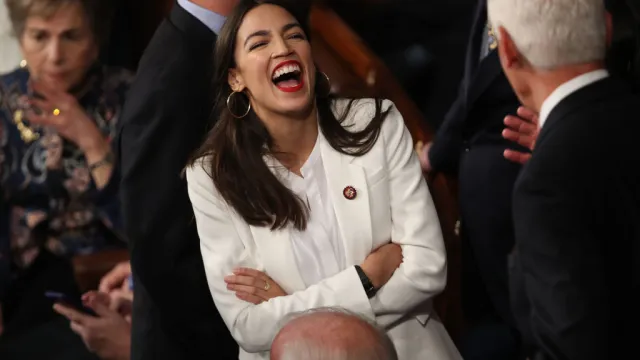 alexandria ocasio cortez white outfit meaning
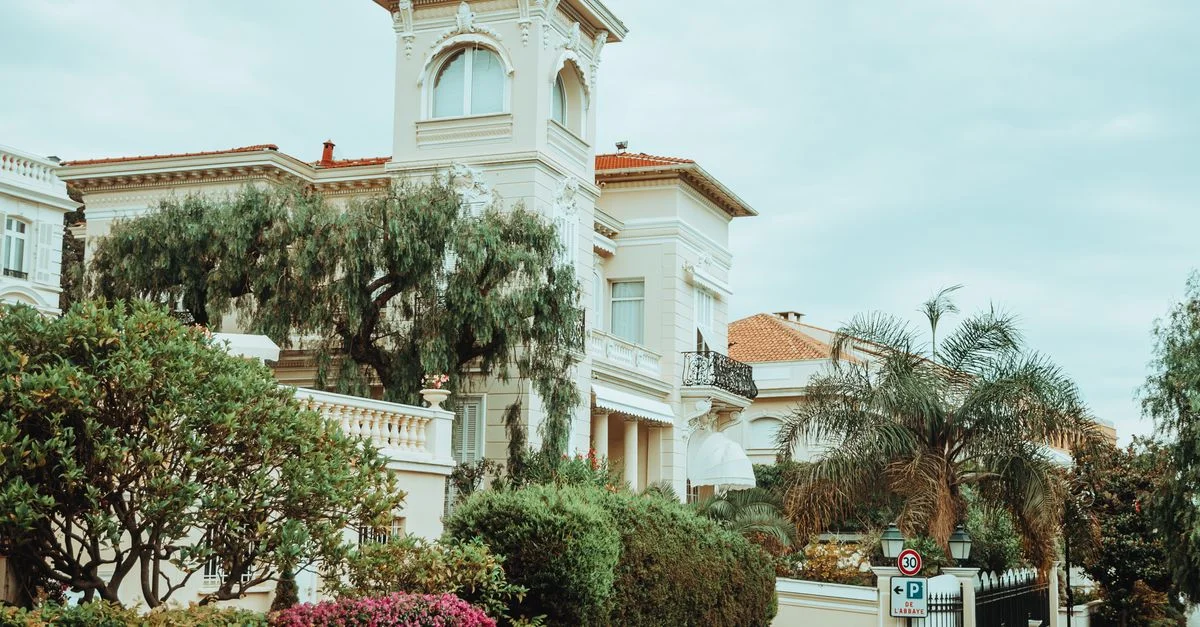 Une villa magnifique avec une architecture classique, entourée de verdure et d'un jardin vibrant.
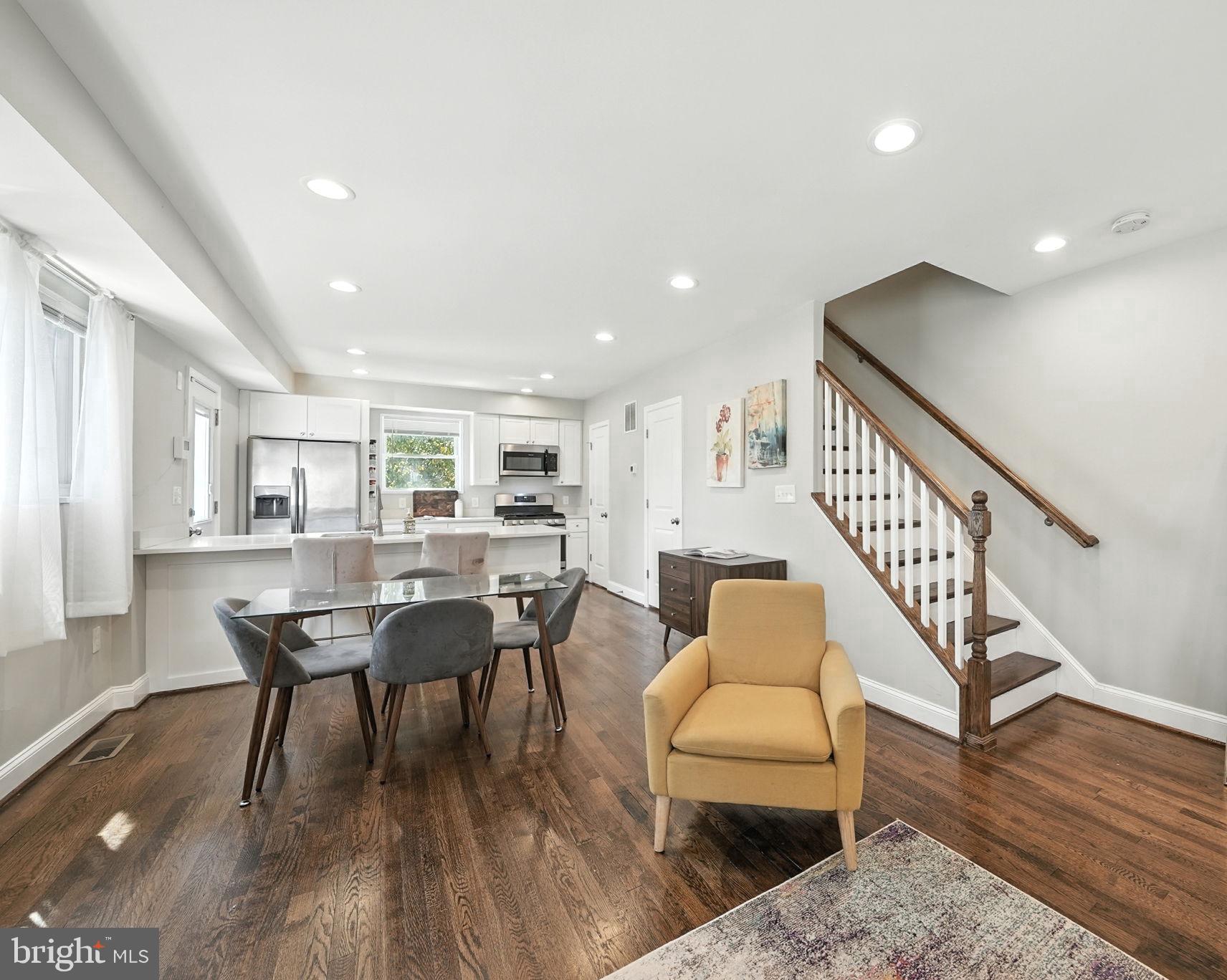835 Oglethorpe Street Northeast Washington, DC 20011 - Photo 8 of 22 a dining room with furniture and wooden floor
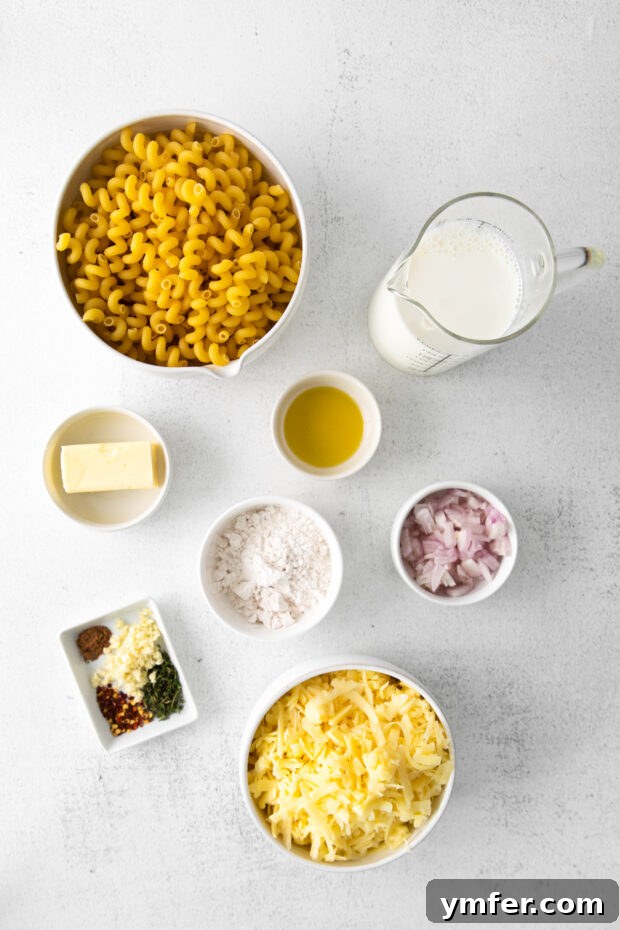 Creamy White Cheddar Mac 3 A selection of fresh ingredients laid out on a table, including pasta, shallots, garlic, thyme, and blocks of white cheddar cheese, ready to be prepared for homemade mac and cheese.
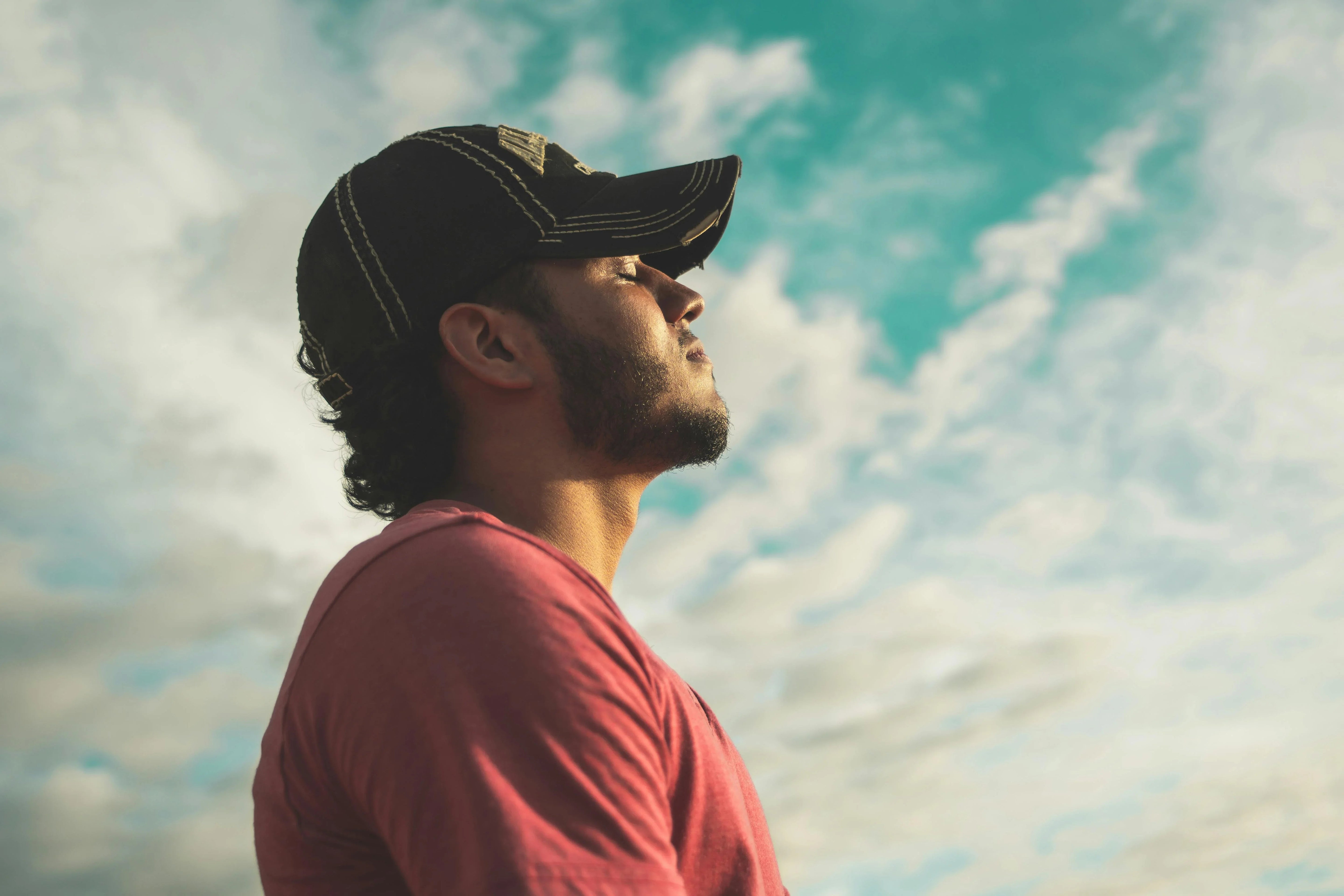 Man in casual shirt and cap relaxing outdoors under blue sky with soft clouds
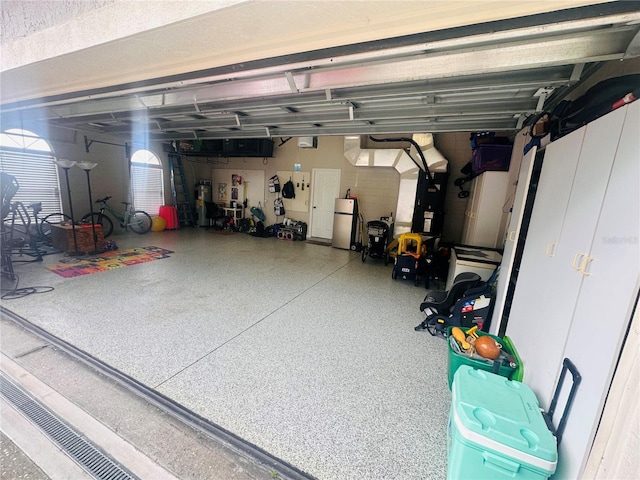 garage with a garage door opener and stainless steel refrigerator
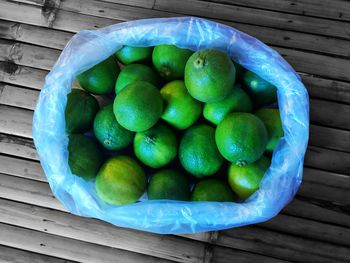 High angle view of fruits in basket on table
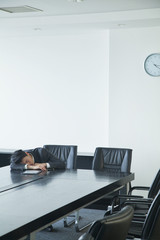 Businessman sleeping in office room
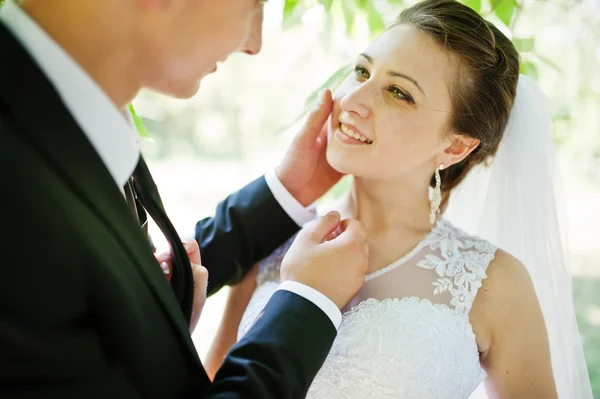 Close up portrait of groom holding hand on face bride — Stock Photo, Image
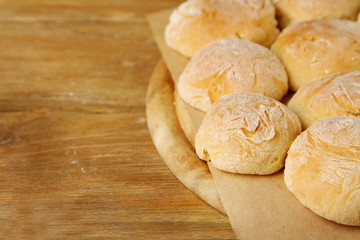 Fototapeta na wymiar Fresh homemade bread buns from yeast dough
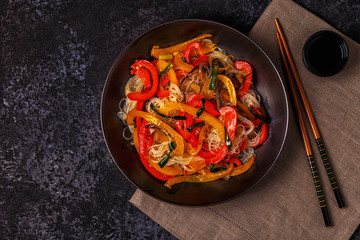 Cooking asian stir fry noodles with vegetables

→ What is expected:
Copy out exactly the lines that run from the line containing "835 Oglethorpe Street" through the last line of the material, and nothing more; omit the pictures.

→ Reply to the task:
835 Oglethorpe Street Northeast Washington, DC 20011 - Photo 8 of 22 a dining room with furniture and wooden floor
 Creamy White Cheddar Mac 3 A selection of fresh ingredients laid out on a table, including pasta, shallots, garlic, thyme, and blocks of white cheddar cheese, ready to be prepared for homemade mac and cheese.
 Man in casual shirt and cap relaxing outdoors under blue sky with soft clouds
 garage with a garage door opener and stainless steel refrigerator
 High angle view of fruits in basket on table
 Businessman sleeping in office room
 Close up portrait of groom holding hand on face bride — Stock Photo, Image
 Fototapeta na wymiar Fresh homemade bread buns from yeast dough
 Cooking asian stir fry noodles with vegetables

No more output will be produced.